PROBLEM TO WORK ON –
Start with the first line of the records below. Output each line exactly, ending with the one that contains "Used 2025 Ford".

GIVEN RECORDS –
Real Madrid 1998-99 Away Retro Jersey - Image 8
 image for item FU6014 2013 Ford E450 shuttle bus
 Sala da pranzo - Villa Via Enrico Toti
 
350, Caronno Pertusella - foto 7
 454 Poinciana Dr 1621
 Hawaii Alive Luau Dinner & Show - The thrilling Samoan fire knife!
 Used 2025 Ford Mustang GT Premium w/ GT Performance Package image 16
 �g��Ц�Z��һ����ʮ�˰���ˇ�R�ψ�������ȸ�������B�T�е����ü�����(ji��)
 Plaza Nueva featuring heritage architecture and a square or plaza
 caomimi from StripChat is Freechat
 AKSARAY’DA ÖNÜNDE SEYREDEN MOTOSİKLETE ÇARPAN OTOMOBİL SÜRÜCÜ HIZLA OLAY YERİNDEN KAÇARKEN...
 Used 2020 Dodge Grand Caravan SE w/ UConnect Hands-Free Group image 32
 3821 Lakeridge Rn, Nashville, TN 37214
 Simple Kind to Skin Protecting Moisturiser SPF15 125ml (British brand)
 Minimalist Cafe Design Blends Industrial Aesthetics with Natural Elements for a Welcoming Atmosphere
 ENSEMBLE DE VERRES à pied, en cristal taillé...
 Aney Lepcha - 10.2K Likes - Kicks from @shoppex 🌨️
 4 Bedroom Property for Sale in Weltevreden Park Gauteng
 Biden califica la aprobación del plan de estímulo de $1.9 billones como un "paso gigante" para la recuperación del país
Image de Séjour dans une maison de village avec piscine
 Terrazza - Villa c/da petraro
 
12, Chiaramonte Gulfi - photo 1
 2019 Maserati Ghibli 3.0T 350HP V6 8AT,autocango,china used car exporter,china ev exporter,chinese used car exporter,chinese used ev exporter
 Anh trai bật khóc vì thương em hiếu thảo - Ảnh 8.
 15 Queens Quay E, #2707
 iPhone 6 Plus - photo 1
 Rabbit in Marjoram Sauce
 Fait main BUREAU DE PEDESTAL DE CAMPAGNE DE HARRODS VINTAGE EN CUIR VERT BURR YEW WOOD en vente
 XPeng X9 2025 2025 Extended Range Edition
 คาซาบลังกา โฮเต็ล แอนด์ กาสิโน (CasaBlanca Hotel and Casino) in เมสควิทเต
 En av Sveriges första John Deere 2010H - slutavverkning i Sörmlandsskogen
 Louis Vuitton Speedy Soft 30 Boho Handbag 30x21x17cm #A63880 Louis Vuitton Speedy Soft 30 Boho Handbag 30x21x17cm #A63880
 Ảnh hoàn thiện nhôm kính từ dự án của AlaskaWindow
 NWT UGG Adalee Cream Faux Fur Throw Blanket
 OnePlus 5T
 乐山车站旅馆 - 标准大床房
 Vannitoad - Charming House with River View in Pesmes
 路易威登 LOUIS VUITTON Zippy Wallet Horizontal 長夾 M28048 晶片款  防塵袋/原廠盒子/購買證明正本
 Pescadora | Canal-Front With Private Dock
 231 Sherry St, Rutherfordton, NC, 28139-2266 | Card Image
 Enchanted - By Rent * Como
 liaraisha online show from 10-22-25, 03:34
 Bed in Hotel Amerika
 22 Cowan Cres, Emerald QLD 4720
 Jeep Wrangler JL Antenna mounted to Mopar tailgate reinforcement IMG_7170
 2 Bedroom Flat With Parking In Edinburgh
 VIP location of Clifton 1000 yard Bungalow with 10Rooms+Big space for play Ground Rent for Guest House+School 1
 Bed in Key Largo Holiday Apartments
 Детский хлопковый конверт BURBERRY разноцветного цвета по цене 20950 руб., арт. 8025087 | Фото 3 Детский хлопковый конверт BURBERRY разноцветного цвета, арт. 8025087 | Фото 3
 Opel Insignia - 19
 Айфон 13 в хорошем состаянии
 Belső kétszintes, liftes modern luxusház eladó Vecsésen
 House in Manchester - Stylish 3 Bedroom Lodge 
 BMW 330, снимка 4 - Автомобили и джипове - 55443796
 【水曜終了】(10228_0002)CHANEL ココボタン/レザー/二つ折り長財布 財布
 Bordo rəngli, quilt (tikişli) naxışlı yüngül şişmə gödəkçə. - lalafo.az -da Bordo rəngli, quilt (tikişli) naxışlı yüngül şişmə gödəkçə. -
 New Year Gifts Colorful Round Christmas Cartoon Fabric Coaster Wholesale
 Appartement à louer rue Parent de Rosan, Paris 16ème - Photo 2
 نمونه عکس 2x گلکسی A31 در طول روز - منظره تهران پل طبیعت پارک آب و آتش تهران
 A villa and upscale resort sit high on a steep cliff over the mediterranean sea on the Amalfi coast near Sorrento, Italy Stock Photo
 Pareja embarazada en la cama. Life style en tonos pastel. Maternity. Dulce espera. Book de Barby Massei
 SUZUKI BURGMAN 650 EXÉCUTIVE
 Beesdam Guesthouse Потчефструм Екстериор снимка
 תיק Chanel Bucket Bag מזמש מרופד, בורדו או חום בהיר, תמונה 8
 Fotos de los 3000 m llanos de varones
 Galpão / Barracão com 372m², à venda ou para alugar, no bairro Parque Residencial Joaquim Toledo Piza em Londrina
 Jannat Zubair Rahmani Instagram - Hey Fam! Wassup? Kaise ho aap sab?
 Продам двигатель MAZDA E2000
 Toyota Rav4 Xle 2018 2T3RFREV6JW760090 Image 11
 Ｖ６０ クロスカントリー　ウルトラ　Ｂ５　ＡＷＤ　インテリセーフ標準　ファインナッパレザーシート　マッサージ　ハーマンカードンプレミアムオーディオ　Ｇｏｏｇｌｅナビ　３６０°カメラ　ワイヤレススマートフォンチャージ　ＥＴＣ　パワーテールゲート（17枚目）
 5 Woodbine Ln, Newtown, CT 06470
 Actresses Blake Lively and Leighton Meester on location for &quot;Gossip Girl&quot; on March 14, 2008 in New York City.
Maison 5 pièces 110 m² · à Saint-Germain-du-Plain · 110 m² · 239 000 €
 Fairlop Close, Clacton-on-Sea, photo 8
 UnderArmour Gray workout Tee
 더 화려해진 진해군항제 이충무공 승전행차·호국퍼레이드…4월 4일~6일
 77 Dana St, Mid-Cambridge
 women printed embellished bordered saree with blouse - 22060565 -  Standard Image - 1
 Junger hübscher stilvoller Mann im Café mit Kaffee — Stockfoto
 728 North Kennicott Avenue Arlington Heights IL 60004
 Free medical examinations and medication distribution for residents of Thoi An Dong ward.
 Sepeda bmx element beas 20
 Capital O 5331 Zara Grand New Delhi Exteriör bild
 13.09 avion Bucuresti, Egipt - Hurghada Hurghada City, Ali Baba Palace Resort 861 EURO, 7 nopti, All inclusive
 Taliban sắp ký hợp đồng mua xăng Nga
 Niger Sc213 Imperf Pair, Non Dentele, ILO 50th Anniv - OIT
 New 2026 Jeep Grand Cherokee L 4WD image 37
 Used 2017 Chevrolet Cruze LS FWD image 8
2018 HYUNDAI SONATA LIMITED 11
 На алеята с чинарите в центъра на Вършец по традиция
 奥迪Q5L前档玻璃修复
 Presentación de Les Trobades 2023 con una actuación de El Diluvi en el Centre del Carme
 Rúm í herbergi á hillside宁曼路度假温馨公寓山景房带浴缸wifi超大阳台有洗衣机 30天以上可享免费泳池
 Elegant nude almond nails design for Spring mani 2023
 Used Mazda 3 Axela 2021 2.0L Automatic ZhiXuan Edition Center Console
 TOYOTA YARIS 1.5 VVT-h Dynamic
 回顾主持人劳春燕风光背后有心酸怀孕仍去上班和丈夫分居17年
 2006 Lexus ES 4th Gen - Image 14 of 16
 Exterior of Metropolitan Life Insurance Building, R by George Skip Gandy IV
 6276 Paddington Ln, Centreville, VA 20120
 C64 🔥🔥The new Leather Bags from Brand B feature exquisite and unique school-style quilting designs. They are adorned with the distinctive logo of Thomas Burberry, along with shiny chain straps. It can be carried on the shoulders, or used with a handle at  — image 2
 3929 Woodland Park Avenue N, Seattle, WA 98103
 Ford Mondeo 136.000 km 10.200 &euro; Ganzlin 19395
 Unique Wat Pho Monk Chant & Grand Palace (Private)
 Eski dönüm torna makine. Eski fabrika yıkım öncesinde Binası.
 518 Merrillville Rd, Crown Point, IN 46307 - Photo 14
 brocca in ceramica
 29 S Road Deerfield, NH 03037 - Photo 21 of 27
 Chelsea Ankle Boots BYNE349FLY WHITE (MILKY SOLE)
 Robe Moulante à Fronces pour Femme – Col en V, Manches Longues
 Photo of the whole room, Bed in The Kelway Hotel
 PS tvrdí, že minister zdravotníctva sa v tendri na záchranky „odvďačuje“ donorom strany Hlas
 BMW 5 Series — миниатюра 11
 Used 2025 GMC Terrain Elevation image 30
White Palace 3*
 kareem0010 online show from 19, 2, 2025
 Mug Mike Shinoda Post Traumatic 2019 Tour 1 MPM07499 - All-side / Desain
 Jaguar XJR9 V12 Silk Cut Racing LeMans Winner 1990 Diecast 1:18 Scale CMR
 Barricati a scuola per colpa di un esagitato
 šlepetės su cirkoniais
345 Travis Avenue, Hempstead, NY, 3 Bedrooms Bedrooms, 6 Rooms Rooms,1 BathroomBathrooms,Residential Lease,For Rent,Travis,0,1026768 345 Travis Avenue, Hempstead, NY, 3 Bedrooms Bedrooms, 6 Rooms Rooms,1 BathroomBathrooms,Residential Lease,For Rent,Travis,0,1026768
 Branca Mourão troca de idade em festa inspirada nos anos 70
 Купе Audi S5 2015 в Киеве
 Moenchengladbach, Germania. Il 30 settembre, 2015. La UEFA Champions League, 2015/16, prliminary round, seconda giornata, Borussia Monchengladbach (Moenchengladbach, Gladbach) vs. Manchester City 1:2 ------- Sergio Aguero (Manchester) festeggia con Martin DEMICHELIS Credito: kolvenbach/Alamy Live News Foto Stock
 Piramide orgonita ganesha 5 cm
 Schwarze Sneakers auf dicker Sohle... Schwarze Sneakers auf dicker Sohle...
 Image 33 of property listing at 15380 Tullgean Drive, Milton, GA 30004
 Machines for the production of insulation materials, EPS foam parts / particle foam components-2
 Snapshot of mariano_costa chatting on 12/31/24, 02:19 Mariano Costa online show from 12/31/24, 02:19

RESPONSE AREA –
Real Madrid 1998-99 Away Retro Jersey - Image 8
 image for item FU6014 2013 Ford E450 shuttle bus
 Sala da pranzo - Villa Via Enrico Toti
 
350, Caronno Pertusella - foto 7
 454 Poinciana Dr 1621
 Hawaii Alive Luau Dinner & Show - The thrilling Samoan fire knife!
 Used 2025 Ford Mustang GT Premium w/ GT Performance Package image 16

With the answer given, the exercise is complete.